- **RAW DATA**:
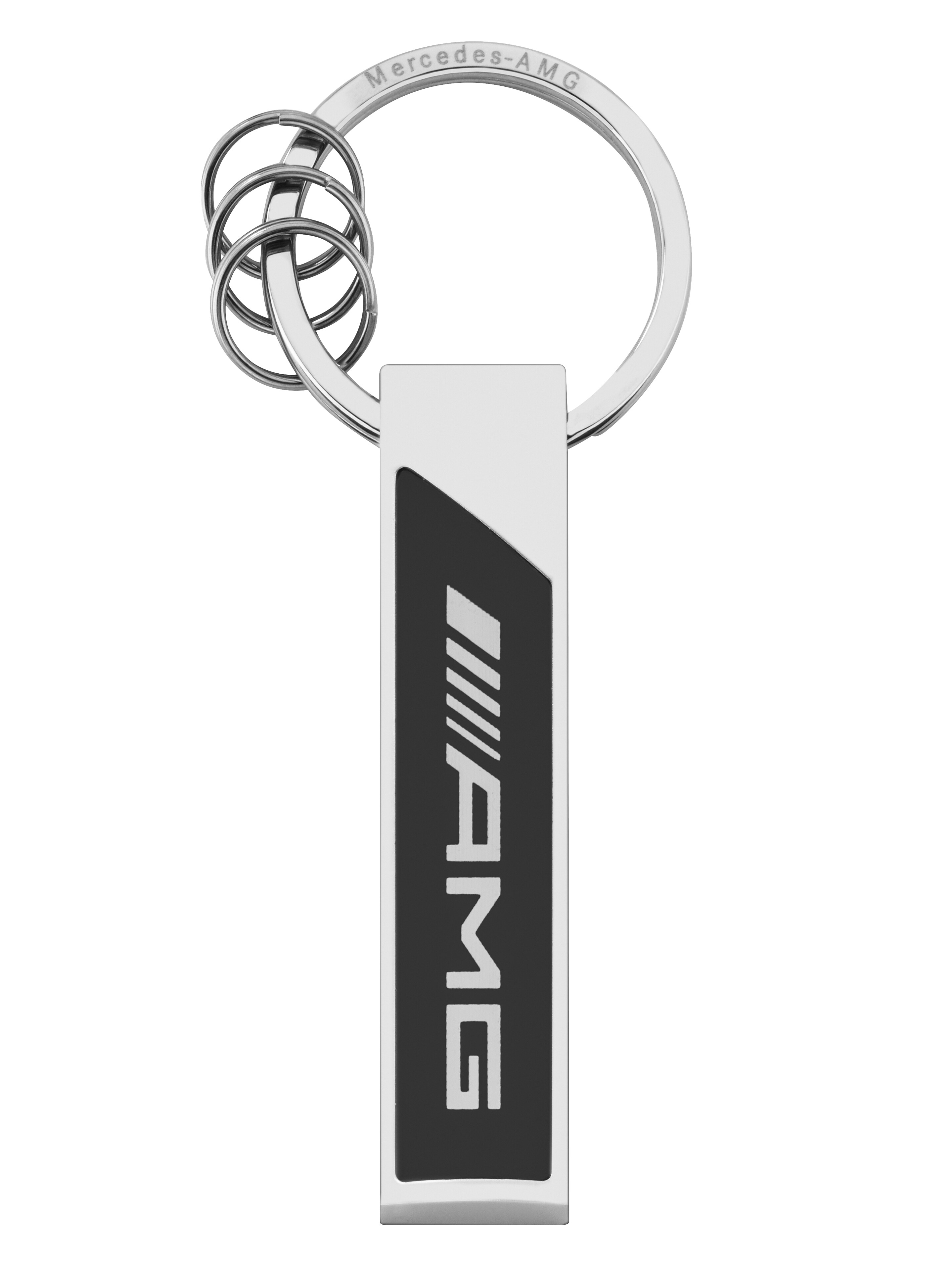 Mercedes-Benz - AMG Schlüsselanhänger, Logo silberfarben / schwarz / weiß, Edelstahl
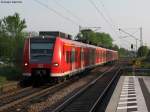 28.04.2011: 425 268-0 erreicht mit 425 212  Wiesloch-Walldorf  als S3 nach Germersheim den Haltepunkt Bad Schnborn-Kronau.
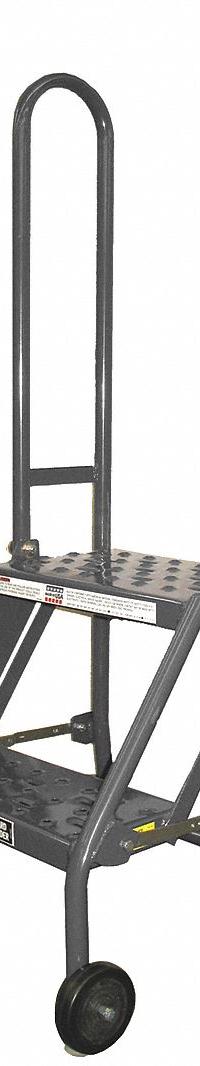 TRI-ARC Rolling Ladder: 1.7 ft Platform Ht, Unassembled, No Locking Mechanism, Steel (MPN KDMF102166). Key specifications — Color: Gray; Brand: TRI-ARC; Handrail Configuration: Double Handrails; Rear Chain: None.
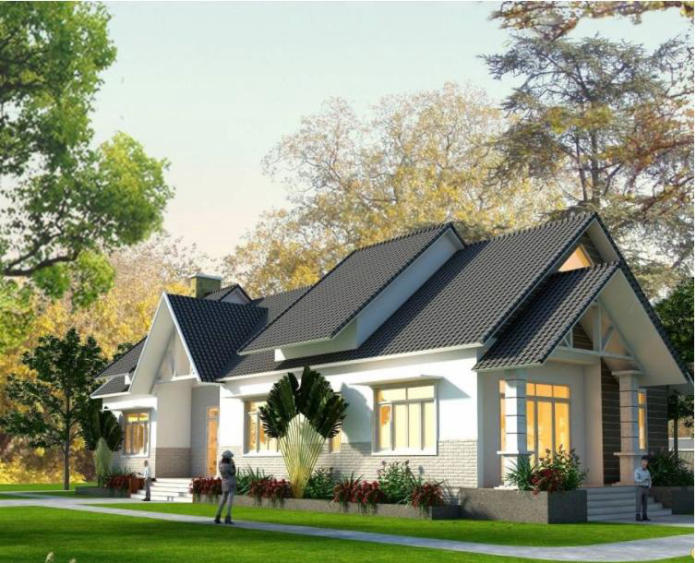 Mẫu nhà ống 1 tầng gác lửng mái thái hiện đại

- **WORK REQUIRED**: Give again the lines from the line that contains "TRI-ARC Rolling Ladder: 1.7" through the last line of the material above, exactly and with both ends included. Omit the pictures.

- **EXERCISE RESPONSE**:
 TRI-ARC Rolling Ladder: 1.7 ft Platform Ht, Unassembled, No Locking Mechanism, Steel (MPN KDMF102166). Key specifications — Color: Gray; Brand: TRI-ARC; Handrail Configuration: Double Handrails; Rear Chain: None.
 Mẫu nhà ống 1 tầng gác lửng mái thái hiện đại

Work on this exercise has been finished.